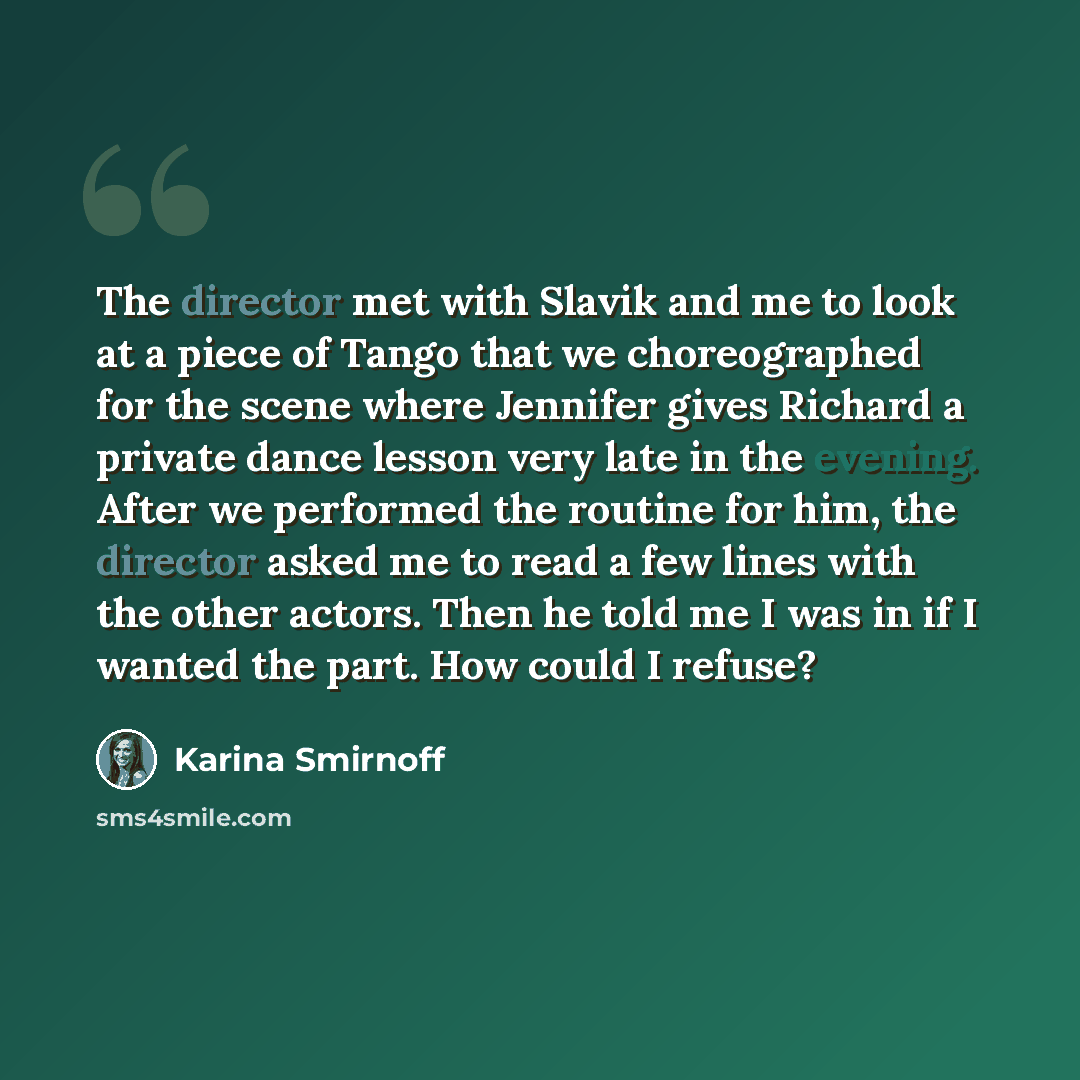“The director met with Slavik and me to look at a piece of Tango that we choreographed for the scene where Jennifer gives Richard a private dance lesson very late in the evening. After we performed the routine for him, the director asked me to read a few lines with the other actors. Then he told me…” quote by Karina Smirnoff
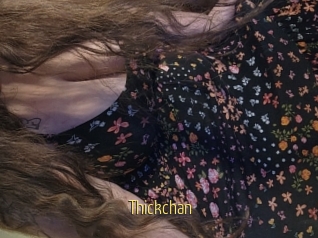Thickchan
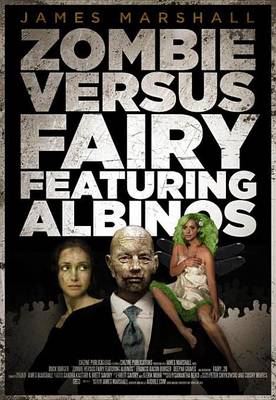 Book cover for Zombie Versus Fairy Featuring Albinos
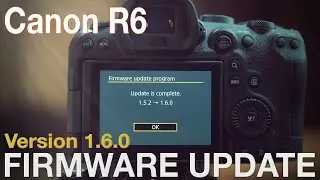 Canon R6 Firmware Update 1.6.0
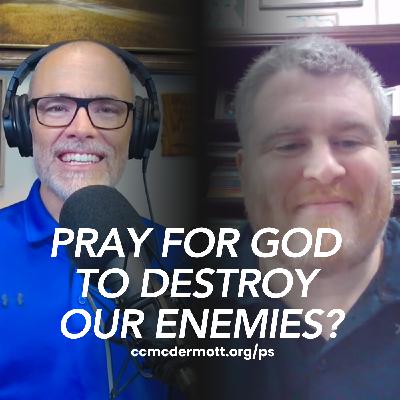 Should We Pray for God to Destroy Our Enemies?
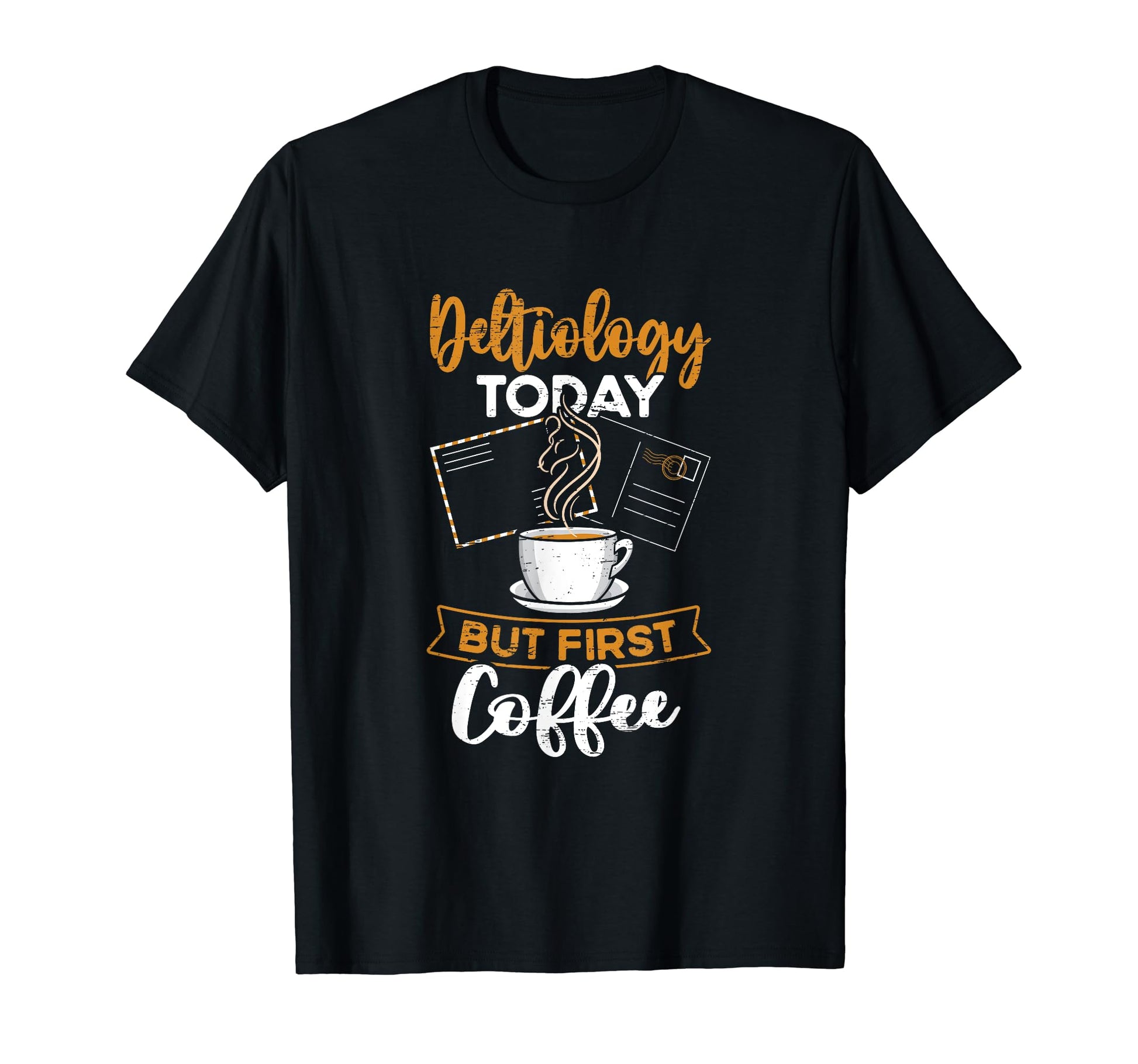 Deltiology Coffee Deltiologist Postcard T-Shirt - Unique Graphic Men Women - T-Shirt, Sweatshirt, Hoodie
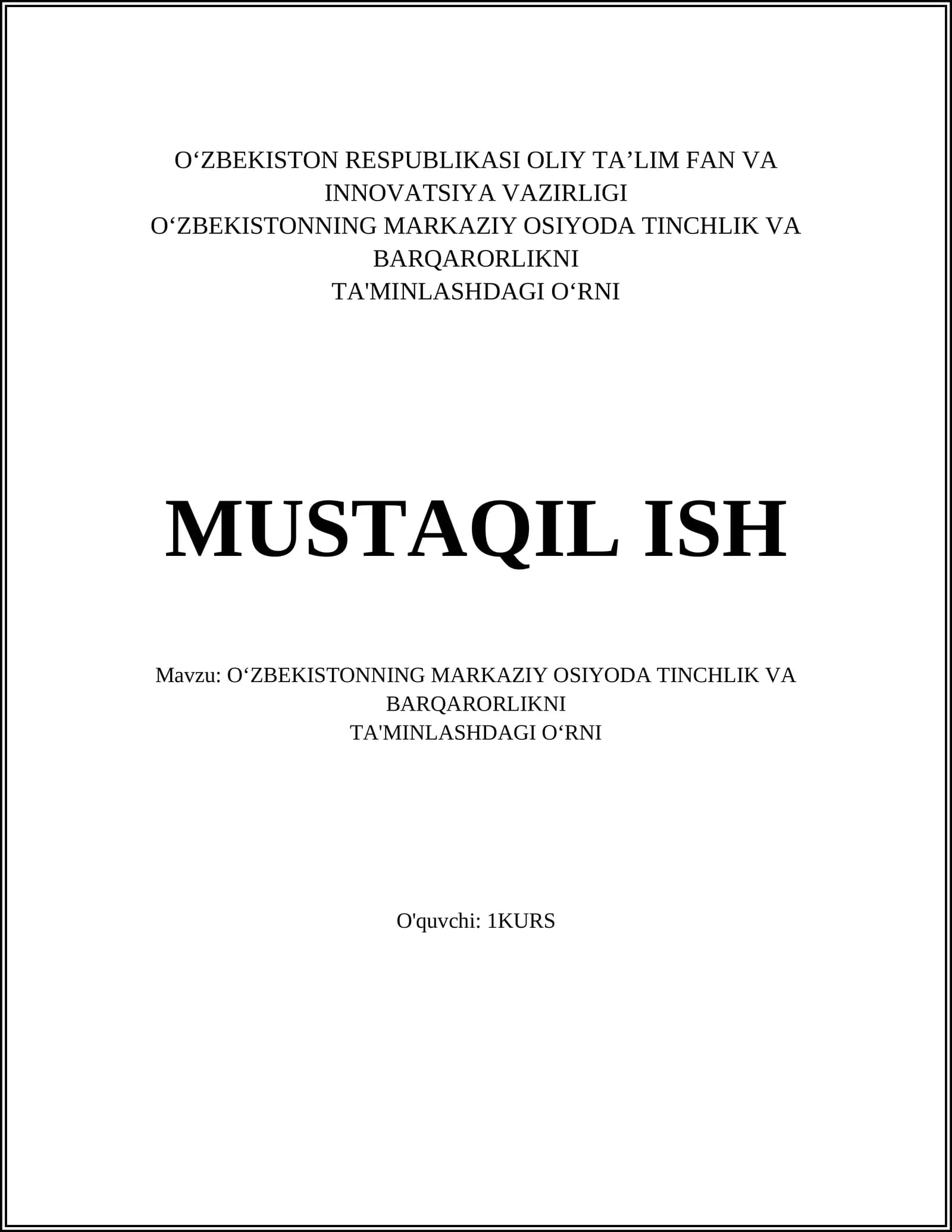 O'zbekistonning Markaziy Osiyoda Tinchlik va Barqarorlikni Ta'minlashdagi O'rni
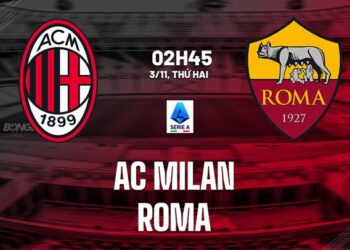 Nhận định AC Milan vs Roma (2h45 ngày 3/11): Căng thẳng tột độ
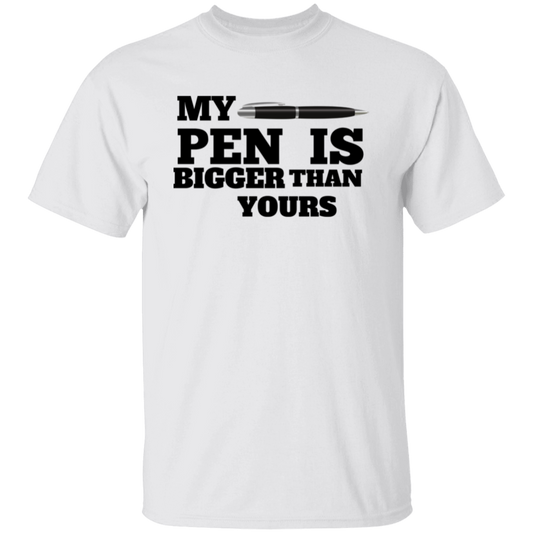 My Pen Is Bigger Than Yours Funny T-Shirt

******************************

* _YOUR TASK_: Every line from the one with "Canon R6 Firmware Update 1.6.0" through the end of the records above belongs in the answer, copied exactly; no picture does.

* _RESPONSE TO THIS TASK_:
 Canon R6 Firmware Update 1.6.0
 Should We Pray for God to Destroy Our Enemies?
 Deltiology Coffee Deltiologist Postcard T-Shirt - Unique Graphic Men Women - T-Shirt, Sweatshirt, Hoodie
 O'zbekistonning Markaziy Osiyoda Tinchlik va Barqarorlikni Ta'minlashdagi O'rni
 Nhận định AC Milan vs Roma (2h45 ngày 3/11): Căng thẳng tột độ
 My Pen Is Bigger Than Yours Funny T-Shirt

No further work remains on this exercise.